> What you will do
Each line below from the "General photo of Trixie" line through the "Salticidae Salticidae" line, those two included, must be restated word for word; the pictures must not be.

> Provided entries
■ ■ ■ ■
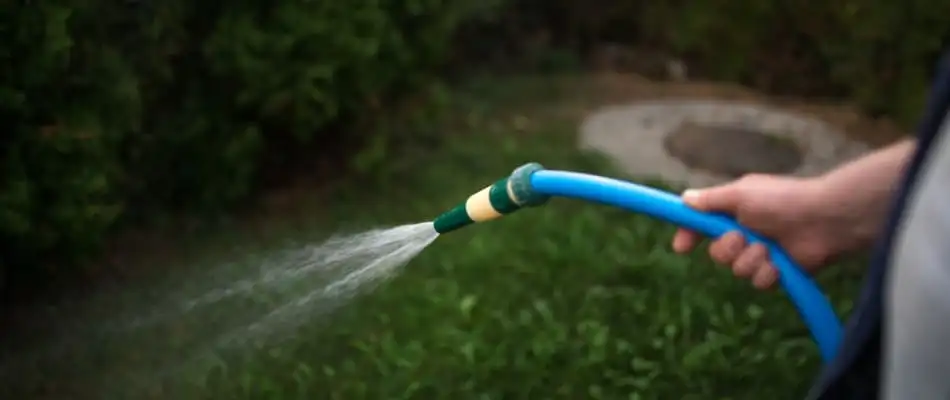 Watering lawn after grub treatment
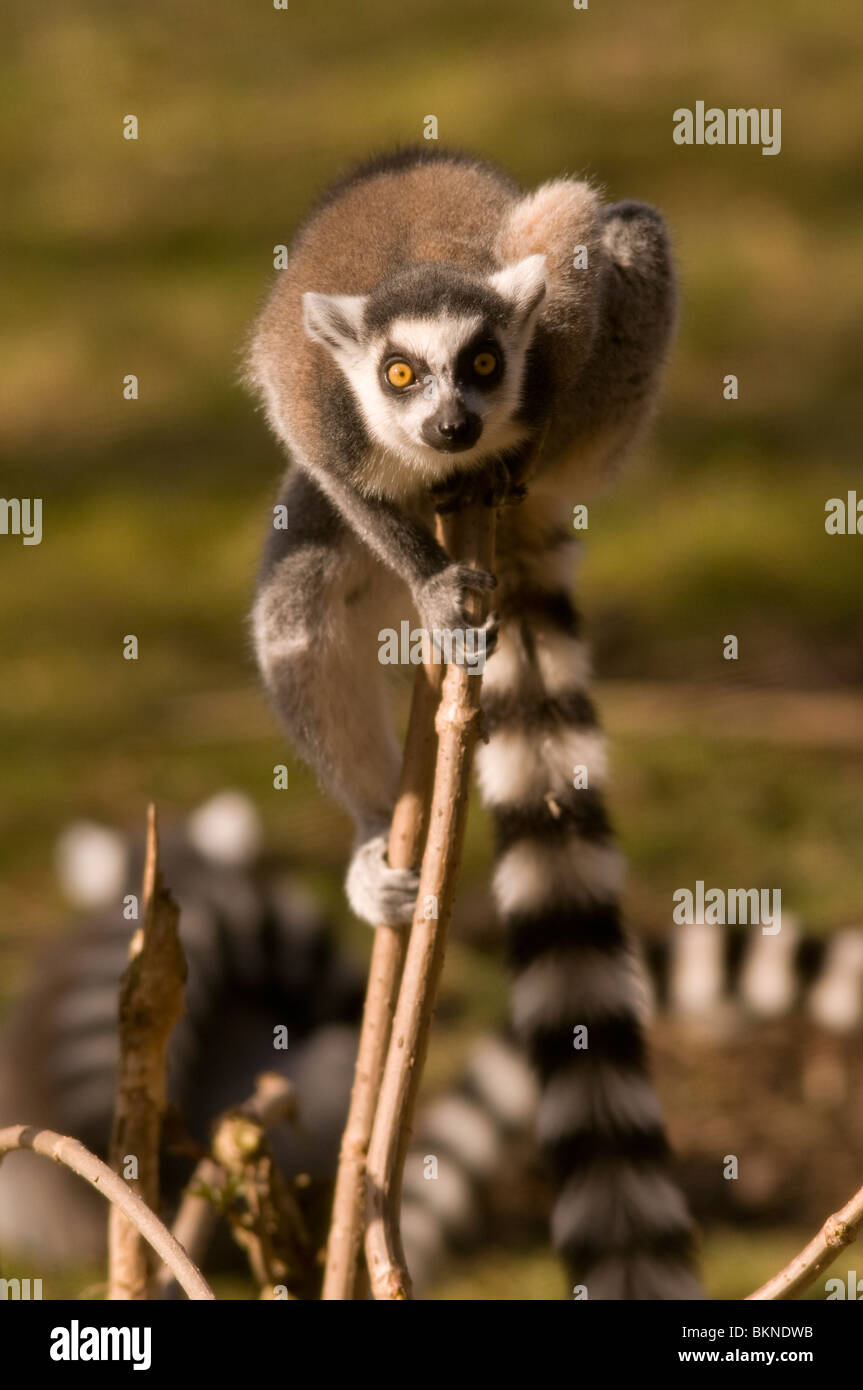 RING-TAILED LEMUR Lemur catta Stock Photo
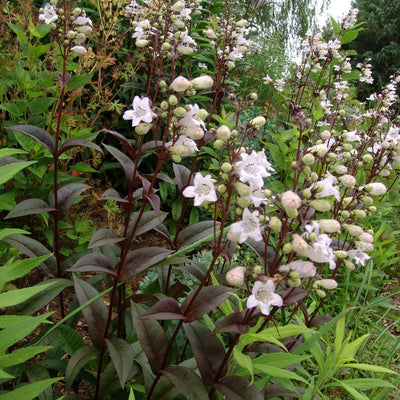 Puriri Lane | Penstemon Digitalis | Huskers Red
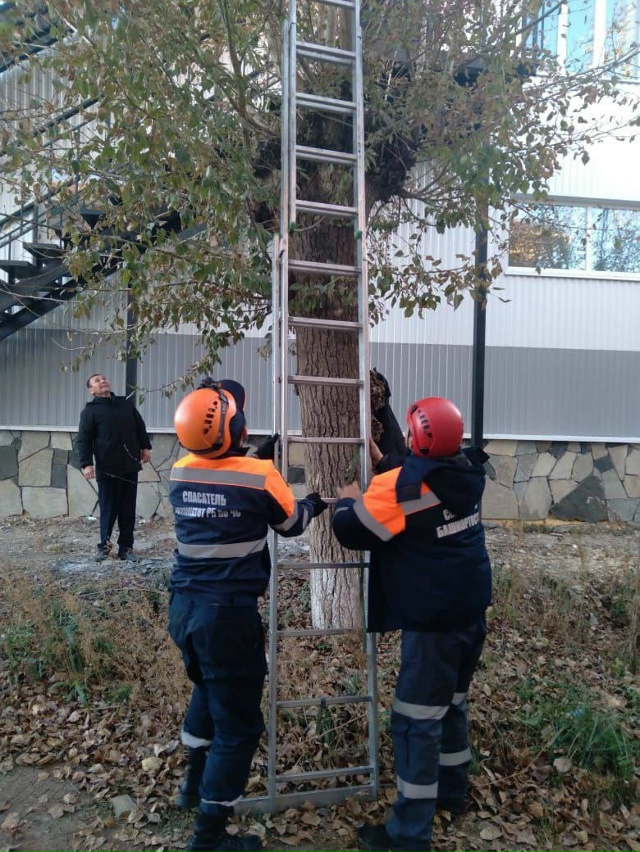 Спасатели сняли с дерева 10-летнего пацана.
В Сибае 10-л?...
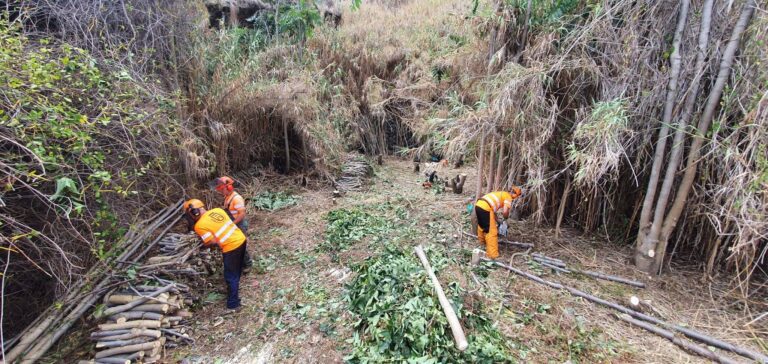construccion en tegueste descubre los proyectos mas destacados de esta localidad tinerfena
■ ■ ■ ■
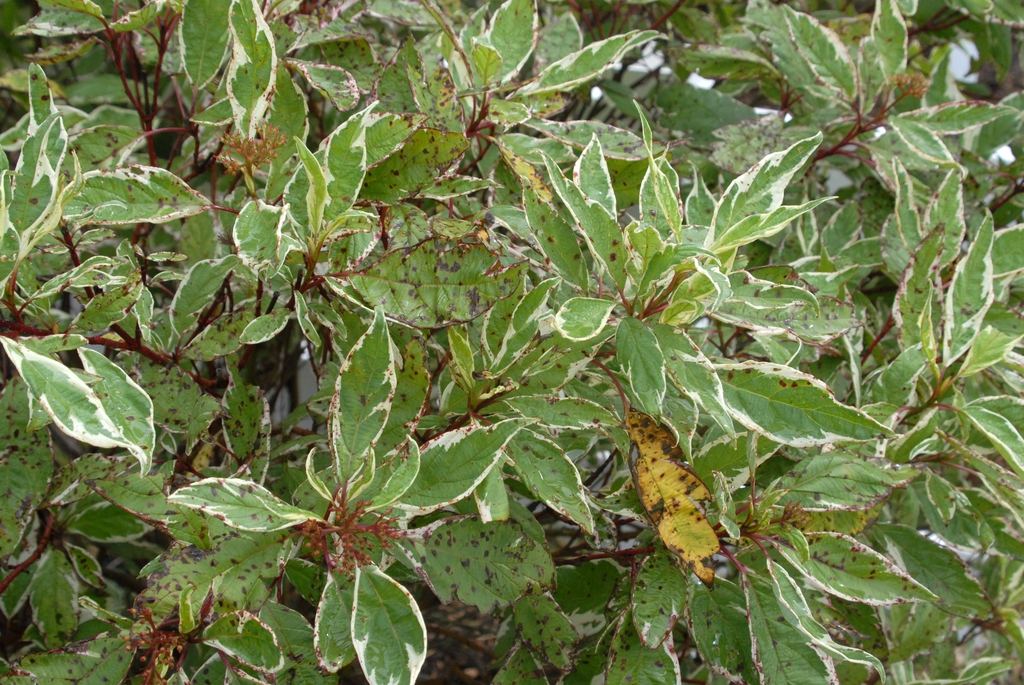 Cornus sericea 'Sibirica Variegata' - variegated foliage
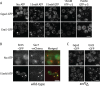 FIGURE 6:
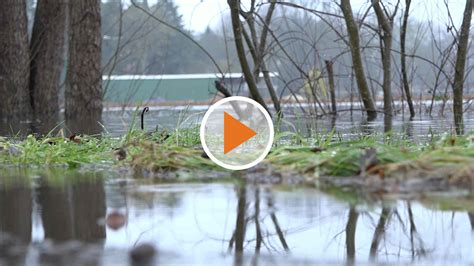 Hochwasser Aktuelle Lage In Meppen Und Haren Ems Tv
■ ■ ■ ■
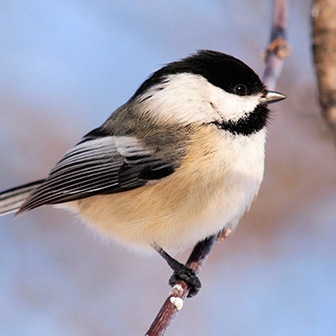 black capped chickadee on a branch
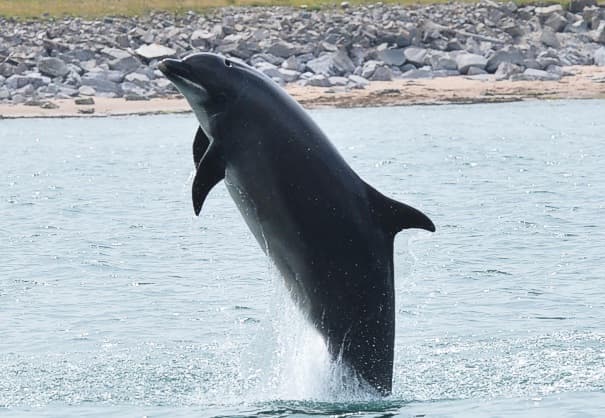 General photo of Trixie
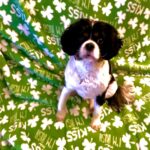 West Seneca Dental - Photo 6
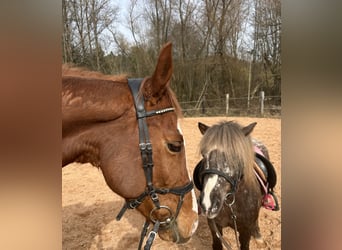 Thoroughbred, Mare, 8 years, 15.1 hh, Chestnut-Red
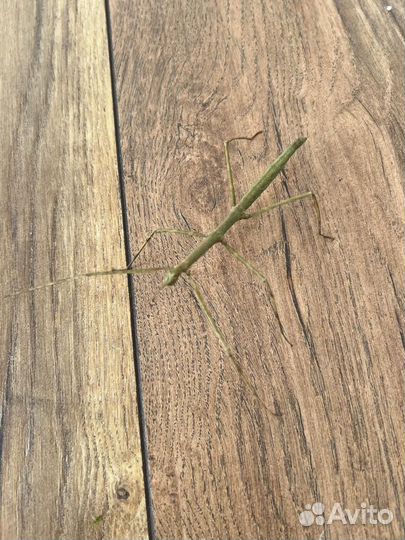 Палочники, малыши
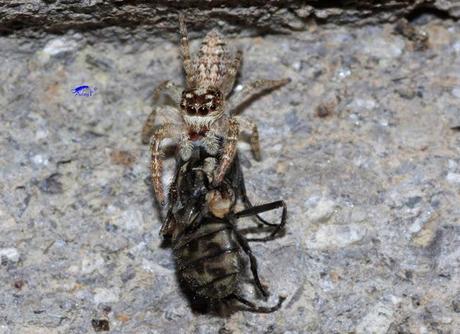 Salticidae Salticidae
■ ■ ■ ■
> Answer space
 General photo of Trixie
 West Seneca Dental - Photo 6
 Thoroughbred, Mare, 8 years, 15.1 hh, Chestnut-Red
 Палочники, малыши
 Salticidae Salticidae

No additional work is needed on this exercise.